FULL TEXT OF THE ORDER OF ITAT MUMBAI
This appeal filed by the assessee is directed against the order passed by the ACIT, International Tax, Circle-3(1)(1), Mumbai dated 26.07.2023 for A.Y. 2020-21. The assessee has raised the following grounds before us:
“1. On the facts and in the circumstances of the case and in law, the [final assessment] order [dated 26 July 2023] passed by the Assistant Commissioner of Income-tax – International tax Circle 3(1)(1) Mumbai (‘Ld. AO’) under section 143(3) read with section 144C(13) of the Income-tax Act, 1961 (Act’) is bad in law and void ab initio.
2. On the facts and in the circumstances of the case and in law, the final assessment order dated 26 July 2023 passed by the Ld. AO under section 143(3) read with section 144C(13) of the Act having been passed beyond the limitation provided in terms of section 153 of the Act, is illegal, being barred by limitation, void-ab-initio and is therefore, liable to be quashed.
3. On the facts and in the circumstances of the case and in law, the notice under section 143(2) of the Act issued by the Assistant Commissioner of Income Tax, National Faceless Assessment Centre – 1(1)(2). Delhi [‘NaFAC’] is without jurisdiction and consequently, all proceedings consequent to the aforesaid notice under section 143(2) of the Act are also bad in law, void-ab-initio and liable to be quashed.

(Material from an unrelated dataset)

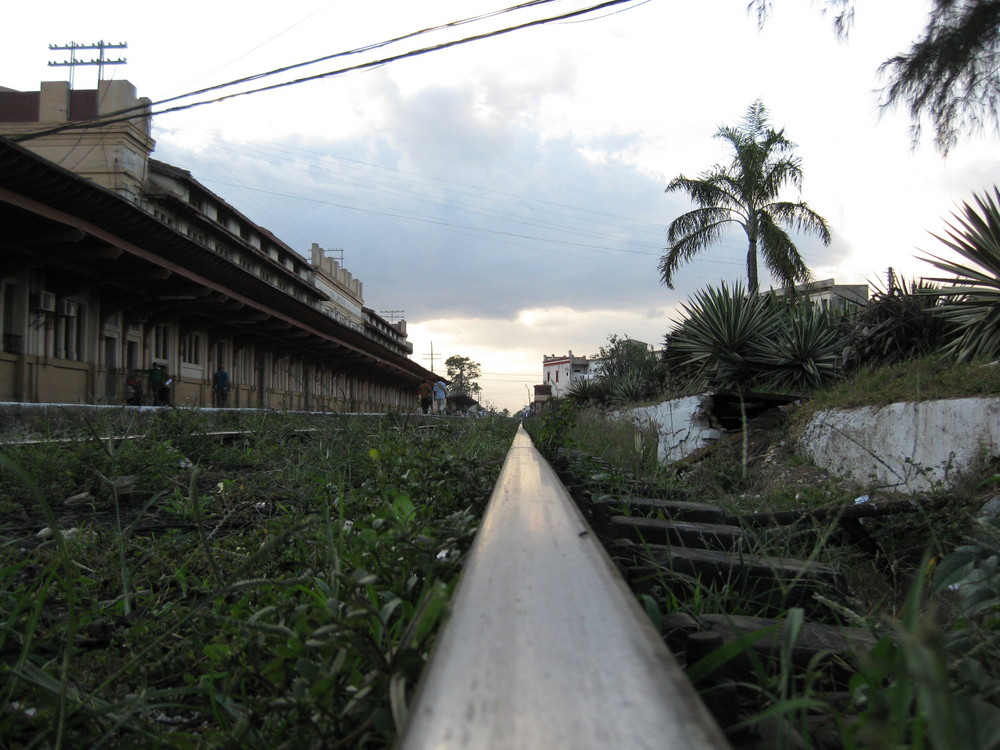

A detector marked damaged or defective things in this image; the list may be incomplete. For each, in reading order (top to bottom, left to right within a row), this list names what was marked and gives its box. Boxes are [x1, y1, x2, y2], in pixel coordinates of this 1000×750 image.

rusty rail head [394, 428, 732, 750]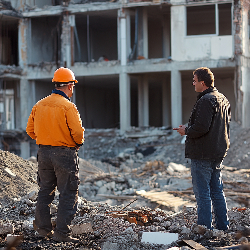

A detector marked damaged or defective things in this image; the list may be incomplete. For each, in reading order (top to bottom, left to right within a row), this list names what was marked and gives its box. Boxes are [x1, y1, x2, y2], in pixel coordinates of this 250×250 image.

4. On the facts and in the circumstances of the case and in law, the Ld. AO erred in not allowing set-off of short-term capital loss (‘STCL’) of AY 2020-21 and brought forward STCL of AY 2019-20 under section 111A read with section 115AD of the Act (taxable at 15%), against short-term capital gains (‘STCG) under section 115AD of the Act (taxable at 30%).
In doing so, the Ld. AO has erred in:
a. holding that STCL of AY 2020-21 and brought forward STCL of AY 2019-20 covered under section 111A read with section 115AD of the Act (subject to tax rate of 15%) cannot be set-off against STCG of AY 2020-21 taxable under section 115AD of the Act (subject to tax rate of 30%).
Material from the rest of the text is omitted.